Dans un contexte d'accélération de l'innovation technologique, le cadencement des recrutements vise à répondre à l'augmentation progressive du besoin. Les compétences et les profils recherchés prévalent sur la répartition statutaire et concernent l'ensemble des différents métiers de la cyberdéfense et en particulier des datascientists, des datamanagers, des développeurs et des experts des techniques cyber ou de l'investigation numérique. Au-delà du nombre, elle déploie également des efforts significatifs dans la formation avec la mise en place à compter de la fin 2020 de nouveaux parcours de carrière et de formations ayant vocation à dynamiser les carrières et renforcer le professionnalisme de ses agents. Le service ne fait qu'administrer le personnel qu'il emploie. Il n'est donc pas en mesure de chiffrer précisément le coût (T2) de ce personnel essentiellement supporté par les gestionnaires pourvoyeurs de ressources.
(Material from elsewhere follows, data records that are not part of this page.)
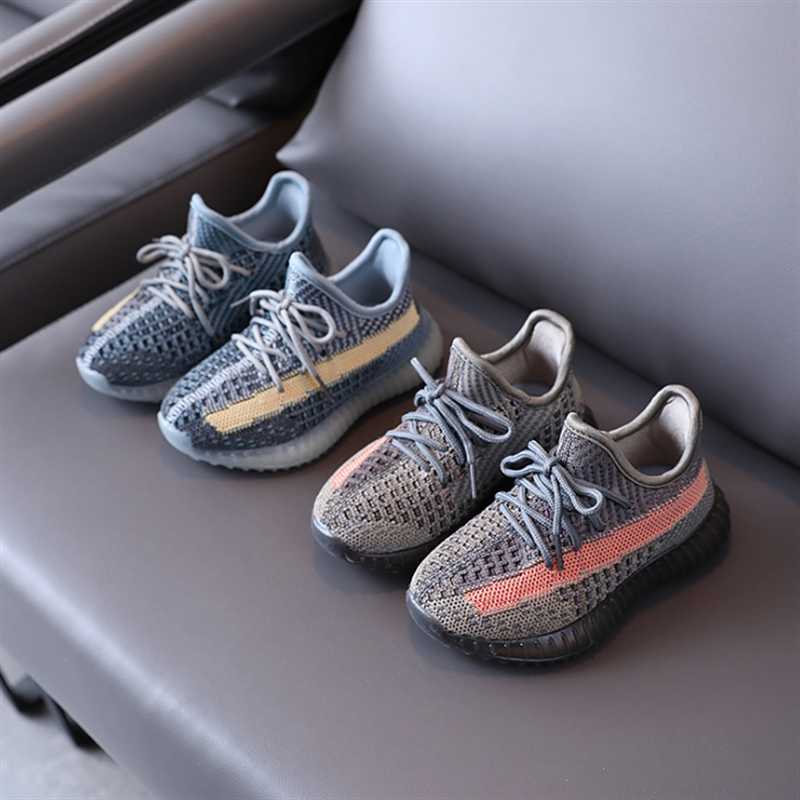 AOGT Autumn Children Shoes Boys Girls Sport Fashion Breathable Knitting Soft Bottom Non-Slip Kids Sneakers T21149 210913
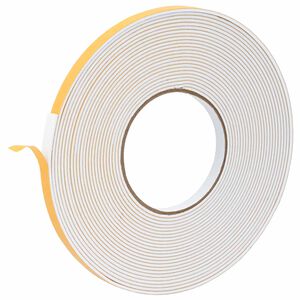 vidaXL Taśma samoprzylepna z pianki Biały 10mm x 10m Pianka CR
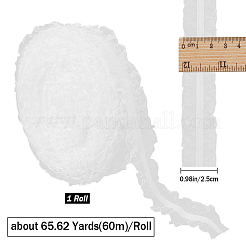 レースのトリム  ポリエステルレースリボンエッジトリミング  ミシンとブライダルの結婚式の装飾用  25x1mm&nbsp;DIY-WH0304-082B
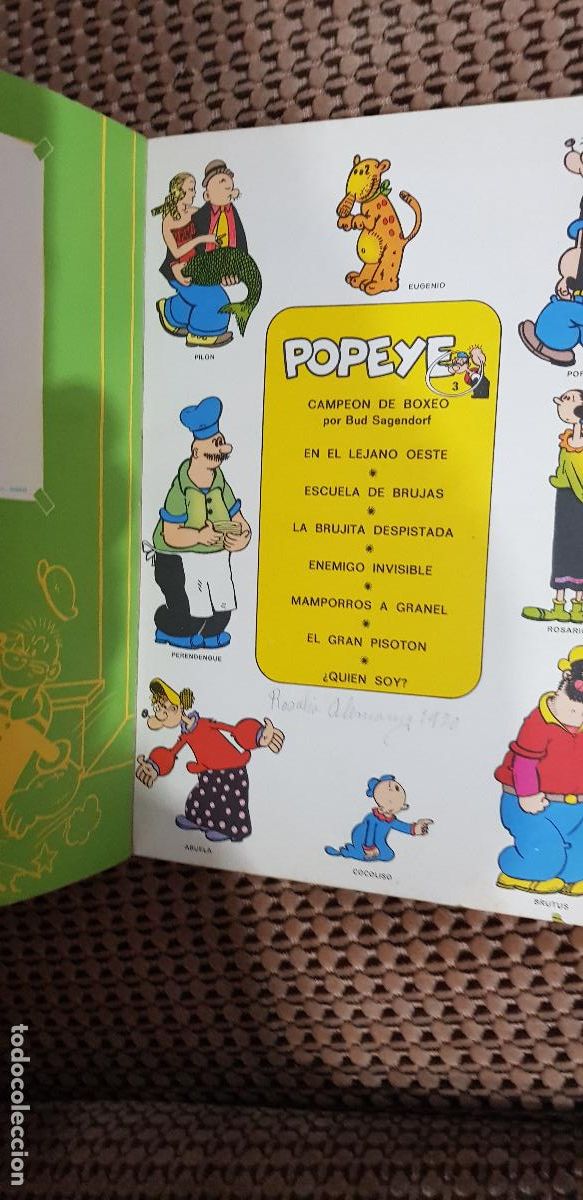 C&oacute;mics: POPEYE CAMPEON DE BOXEO - Foto 3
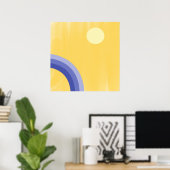 Mooie abstracte kunst poster (Thuiskantoor)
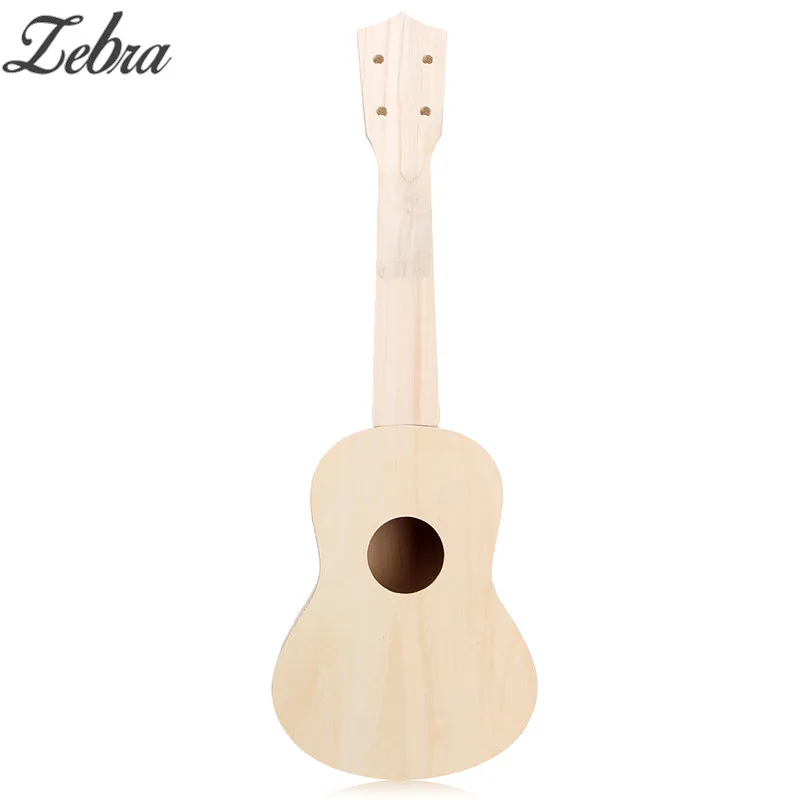 

Zebra DIY 21 Inch Ukulele Kit Fun Ukulele Handwork Support Painting Kids Children Toy Instruments Assembly for Beginner Amateur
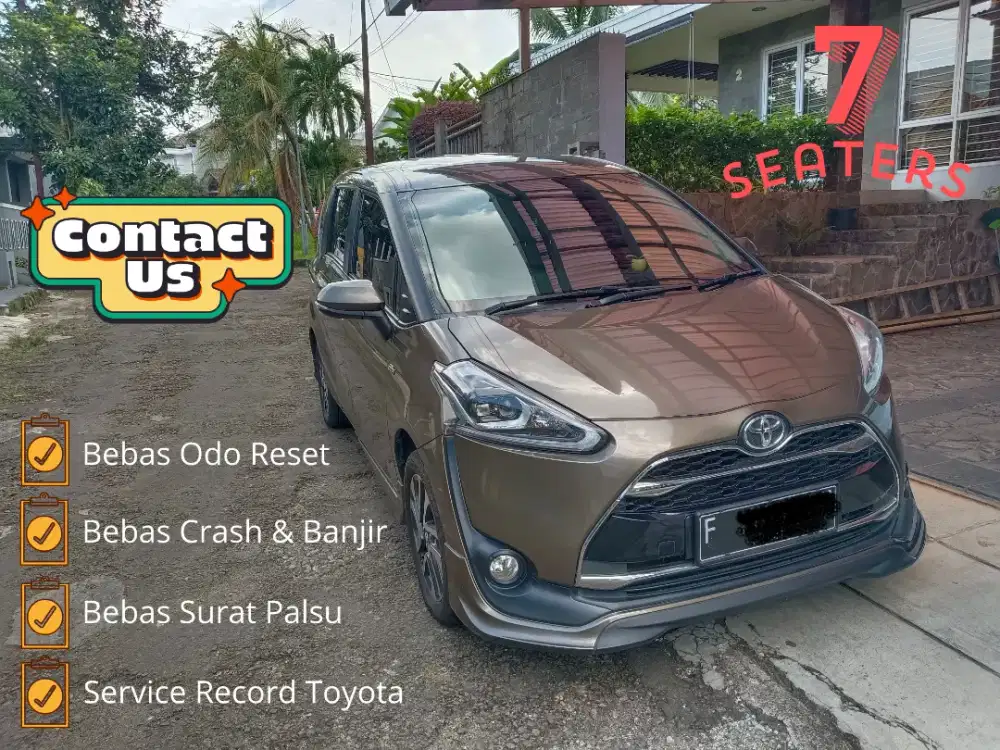 Toyota Sienta Q type tangan I Istimewa pajak Juli 2027 (Nego)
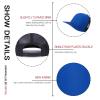 Generic Custom Leather Patch Trucker Hat for Men & Women - Personalized Text & Photo Baseball Cap Laser Engraved.New 24, Royal Blue With Black Mesh view 4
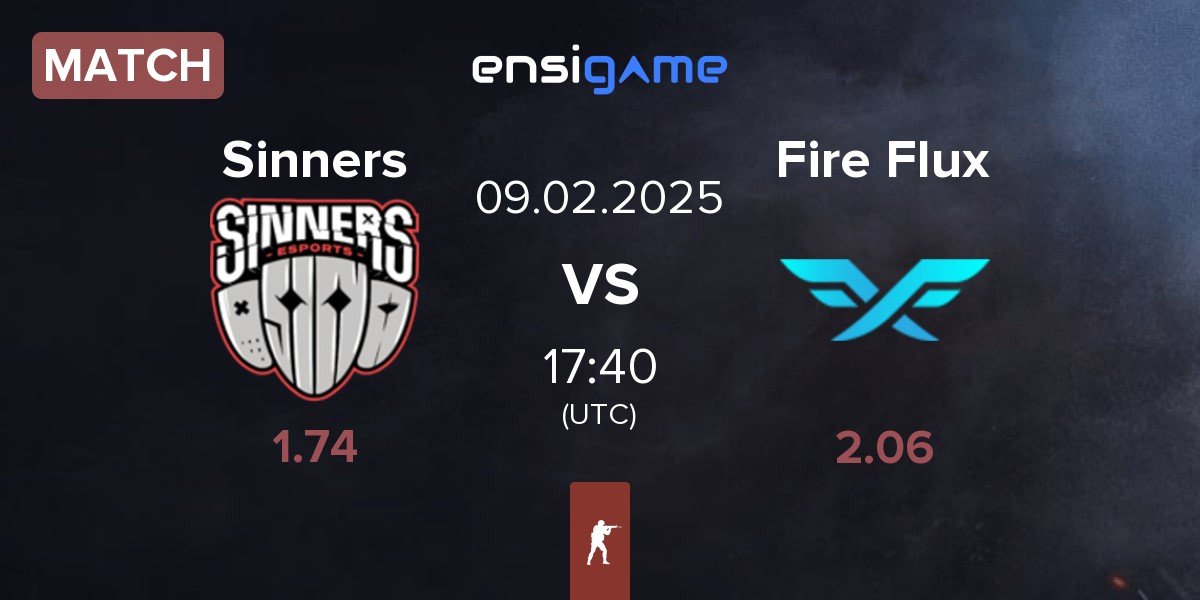 Match Sinners Esports Sinners vs Fire Flux Esports Fire Flux | 09.02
La DRSD a investi 500 000 € en 2019 dans des projets cyber. Les besoins pour les années 2020 et 2021 sont établis à ce jour respectivement dans le cadre de la planification pluriannuelle à hauteur de 700 000 € et 1,5 millions €.
Elle développe de façon autonome certains outils mais s'appuie principalement sur la mutualisation interservices. La cohérence avec les différents projets en cours est systématiquement recherchée dans le domaine cyber comme dans les autres et en particulier celui du nouveau système d'information du service (SIRCID, premier outil d'analyse et de traitement des données hétérogènes). La montée en puissance des moyens des services consacrés à la cyberdéfense doit être poursuivie compte tenu de l'évolution des menaces et des opportunités qu'offre le cyberespace pour le recueil de renseignement.
Recommandation n° 56 : Maintenir un niveau de financement suffisant pour garantir le niveau des investissements des services dans la cyberdéfense et leur permettre de recruter et de fidéliser des personnels de haut niveau.
Compte tenu des moyens financiers engagés en investissement comme en fonctionnement et en ressources humaines, il serait souhaitable de mettre en place au niveau du CNRLT un dispositif d'évaluation de la performance de la politique menée avec ses moyens croissants. Un outil permettant d'homogénéiser les informations sur les moyens consacrés par les services de renseignement à la cyberdéfense devra être intégré dans ce dispositif ( cf. recommandation n° 59).
* 191 Ainsi le COMCYBER préside la commission d'adaptation de la formation (CAF) « SIC/cyber » et co-préside un groupe de travail « Opérer dans le cyberespace » avec la DRH-MD. Il participe également à la gouvernance de la famille professionnelle « Renseignement » à travers la CAF « Renseignement » qui a vocation à faire évoluer la description des métiers et des compétences cyber nécessaires dans cette famille.
* 192 Les agents affectés à la DGSE et travaillant dans le domaine cyber sont rémunérés sur l'article 50-01 du programme 212 pour 65 % d'entre eux environ et sur leur BOP d'origine pour les 35 % restant (renforts EMA/Cyber).
* 193 Le montant des transferts s'est élevé à 73 M € en 2019 pour couvrir l'intensification et la consolidation des grands programmes interministériels et de la cyberdéfense.